Tadeusz Kwieciński urodził się 28 maja 1916 r. w Stasinie w powiecie lubelskim. W czasie II wojny światowej należał do Armii Krajowej. W styczniu 1944 roku należał do oddziału Stanisława Łukasika „Rysia”. Po wkroczeniu Sowietów na Lubelszczyznę nie przestał utrzymywać kontaktu ze swoim dowódcą. Na terenie jego gospodarstwa znajdował się m.in. magazyn z bronią należącą do jego oddziału.

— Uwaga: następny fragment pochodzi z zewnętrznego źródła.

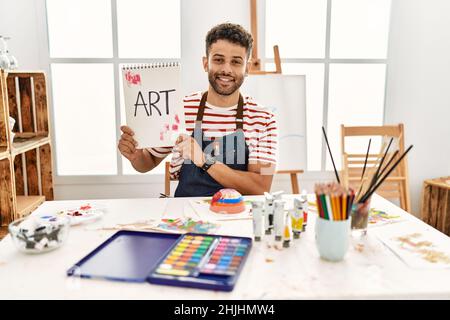 Jeune artiste arabe homme souriant heureux tenant le carnet avec le mot d'art au studio d'art. Banque D'Images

23 kwietnia 1945 r. został aresztowany przez grupę operacyjną UB pod dowództwem por. Adama Humera. Przeszedł bardzo ciężkie śledztwo. Latem 1945 roku, w pokazowym procesie 41 żołnierzy AK, został rozstrzelany w więzieniu na zamku w Lublinie. Miał zaledwie 29 lat. Osierocił kilkumiesięcznego syna, który nosi jego imię – Tadeusz. Szczątki Tadeusza Kwiecińskiego odnaleziono w listopadzie 2019 r. podczas prac ekshumacyjnych prowadzonych przez IPN na Cmentarzu Rzymskokatolickim przy ul. Unickiej w Lublinie. O identyfikacji IPN poinformował podczas uroczystości w Pałacu Prezydenckim w Warszawie 12 sierpnia 2021 roku.